→ **Exercise**
The line with "AI generated wallpaper" marks where to begin; print it and all lines after it in the material below exactly, skipping pictures.

→ **Given data**
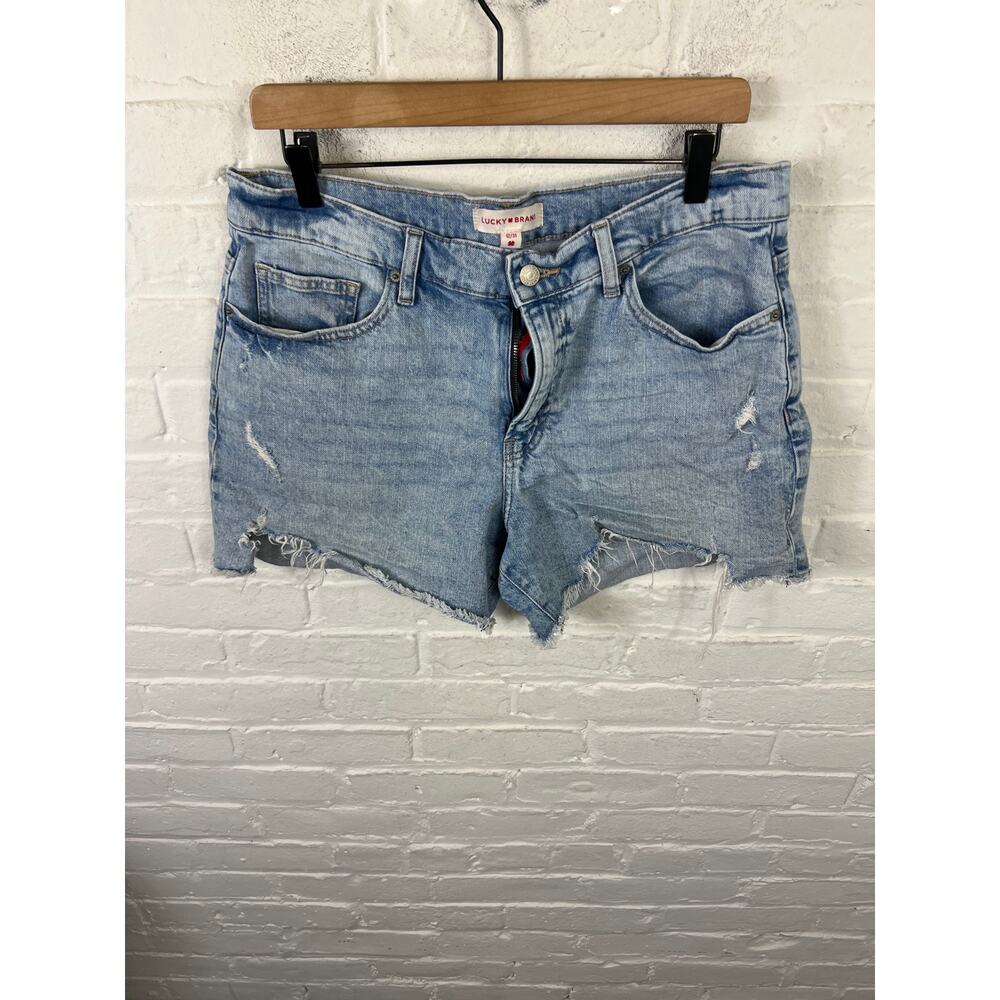 Lucky Brand Women's 90s Denim Stretch Cut-Off Midi Shorts Raw Hem Size 12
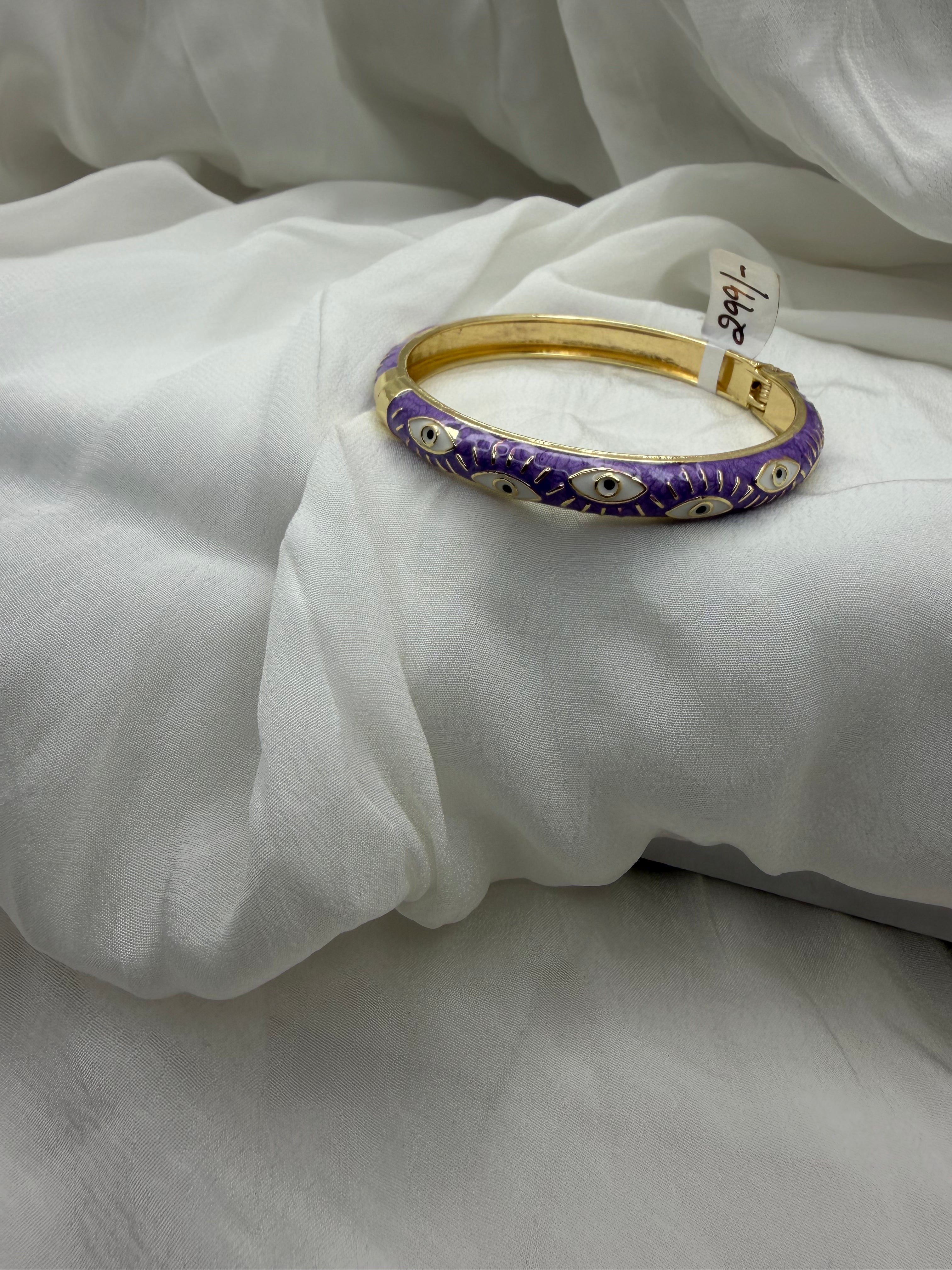 Violet Evil Eye Enamel Bangle – Gold Protection Cuff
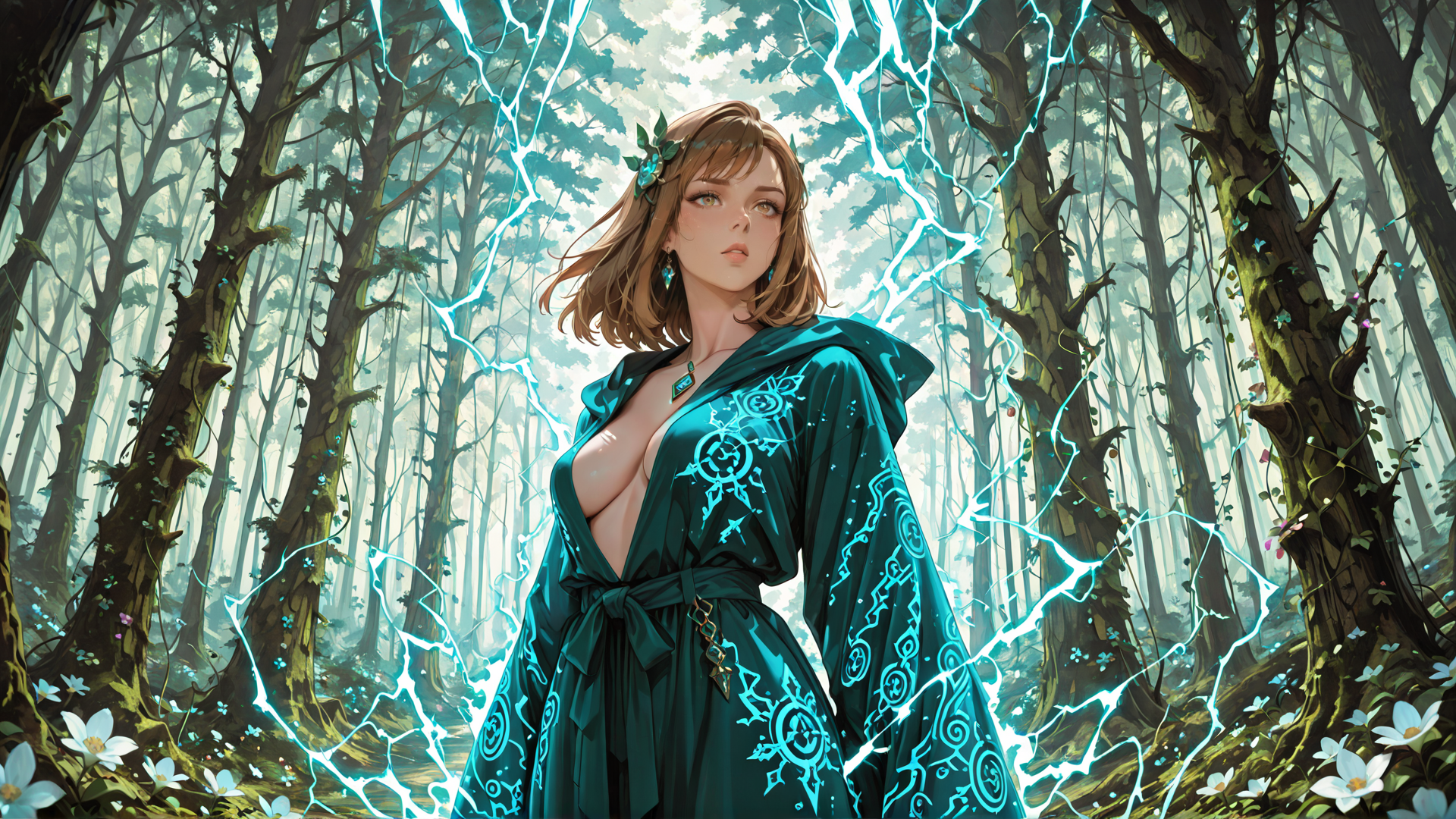 AI generated wallpaper featuring woman, forest, wizard, lightning, trees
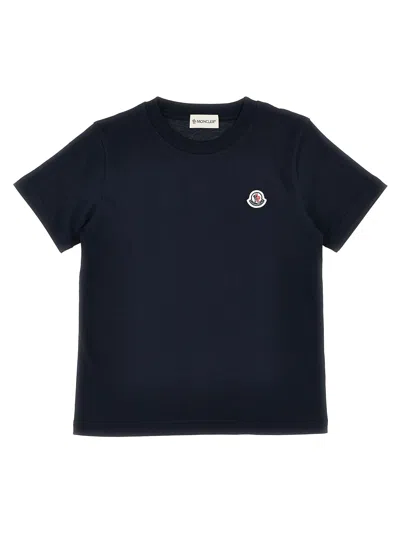 Moncler Kids' Navy Blue Cotton Logo T-shirt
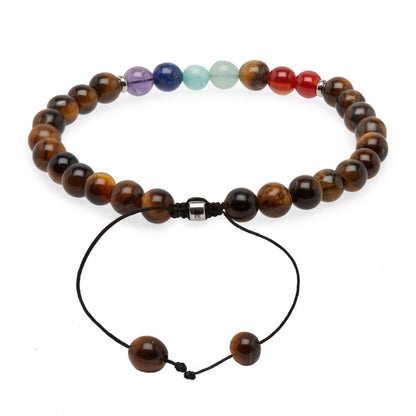 Children's bracelet 7 Chakras "Self-confidence" in Tiger's Eye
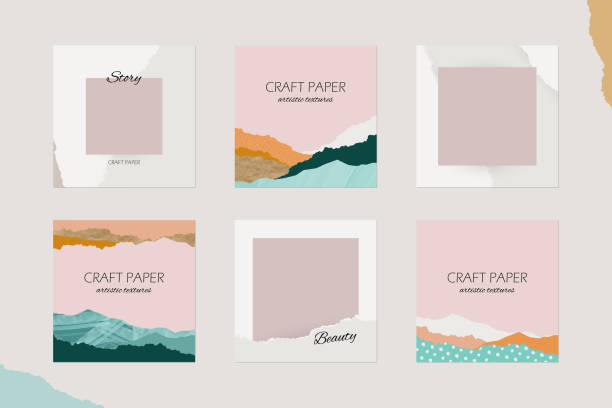 minimal abstract Instagram social media story post feed background, web banner template. colorful spring summer pastel torn ripped paper texture mock up. for beauty care, jewelry, wedding, make up vector art illustration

→ **Problem solution**
 AI generated wallpaper featuring woman, forest, wizard, lightning, trees
 Moncler Kids' Navy Blue Cotton Logo T-shirt
 Children's bracelet 7 Chakras "Self-confidence" in Tiger's Eye
 minimal abstract Instagram social media story post feed background, web banner template. colorful spring summer pastel torn ripped paper texture mock up. for beauty care, jewelry, wedding, make up vector art illustration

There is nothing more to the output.